One illustration of that point is the dilemma – an insoluble dilemma – for the emerging countries of Asia. Their trade is strongly diversified among Japan, the United States and Europe. What is a coherent exchange rate policy for Asia when the exchange rates among their major trading partners are themselves highly volatile? Individually, the three ‘elephants’, with large, diversified and relatively self-sufficient economies, may find it possible to live reasonably comfortably with their reciprocal exchange rates fluctuating violently. But what of their small and externally dependent partners whose established trading patterns are thrown askew by factors entirely outside their influence.
To some substantial extent, the radical appreciation of the dollar relative to the yen in the late 1990s surely impaired the perception of the competitiveness of countries tied loosely to the dollar, raising doubts about their currencies. But that is only an extreme example of a systemic problem. It is an important reason why a fixed exchange rate is not a desirable or practical approach for most Asian countries. They simply have no satisfactory currency to which to peg.
At the same time, freely floating exchange rates for small open economies are simply too volatile to be practical. So neither of the two so-called corner solutions set out as the logical textbook alternatives are really useful.

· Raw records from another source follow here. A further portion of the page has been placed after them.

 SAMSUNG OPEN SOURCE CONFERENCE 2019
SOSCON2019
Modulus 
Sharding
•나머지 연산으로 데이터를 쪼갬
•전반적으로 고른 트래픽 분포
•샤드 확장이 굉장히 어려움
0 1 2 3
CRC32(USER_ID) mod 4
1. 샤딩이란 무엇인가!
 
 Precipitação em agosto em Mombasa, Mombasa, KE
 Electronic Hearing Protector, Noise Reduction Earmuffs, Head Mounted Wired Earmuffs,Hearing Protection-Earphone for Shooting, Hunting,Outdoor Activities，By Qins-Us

It's a highly unsatisfactory situation. Nonetheless, there is a great reluctance to deal with it. That reluctance seems to me to reflect, in large part, strong vested interests.
Part of that vested interest is intellectual. The academic community has a large commitment to the theorising that floating exchange rates are a means of providing almost automatic and relatively painless external adjustment. They are, in that line of reasoning, a means of reconciling domestic policy autonomy with open markets.

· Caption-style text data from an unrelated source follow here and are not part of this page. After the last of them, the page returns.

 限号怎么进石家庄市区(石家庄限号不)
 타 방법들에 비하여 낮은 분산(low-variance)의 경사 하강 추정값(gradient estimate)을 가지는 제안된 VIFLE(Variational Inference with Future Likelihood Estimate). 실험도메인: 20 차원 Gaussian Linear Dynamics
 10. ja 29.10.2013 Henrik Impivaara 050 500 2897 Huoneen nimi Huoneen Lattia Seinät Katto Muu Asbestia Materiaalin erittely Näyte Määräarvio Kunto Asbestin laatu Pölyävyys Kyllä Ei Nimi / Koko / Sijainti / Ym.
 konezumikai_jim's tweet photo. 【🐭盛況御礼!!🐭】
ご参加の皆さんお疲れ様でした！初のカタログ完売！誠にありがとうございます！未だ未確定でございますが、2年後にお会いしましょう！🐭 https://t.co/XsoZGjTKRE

Financial institutions and professional speculators have long since learned that exchange rate volatility can offer large profit opportunities. Their sense is that ‘insiders’ like themselves, able to recognise and ‘ride’ – even promote – herd instincts, will on balance make money. The available statistics seem to bear that out. The losers, mainly non-financial businesses, are relatively silent in the face of other, seemingly more immediate, problems.
At the same time, the authorities of major countries are leery of accepting responsibility for maintaining stability. What seems to concern them is a high degree of uncertainty they can even be successful in that purpose.
For all of that resistance to change, it can't be satisfactory to leave the situation as it is.
The present degree of volatility can not fit any conception of an effective exchange rate system. It certainly bears no resemblance to the textbook description of gradual and smooth adjustment, nor to the theorising about identifying comparative advantage.
Most directly, in terms of this conference, exchange rate arrangements among the major countries gravely complicate the ability of emerging economies to deal with capital flow.
My suspicion is that, in time, independent currencies for many smaller countries that wish to participate fully in globalised capital markets will disappear, in substance if not in form. But that is also a proposal for two or three currency blocs, not necessarily an optimum organisation of the world financial system.
One thing is sure, the conference faces critically important – and still unresolved – issues. The way these issues are ultimately dealt with will bear directly on the prospects of much of the world for growth and stability – for, in fact, making good on the promise of the world of global finance.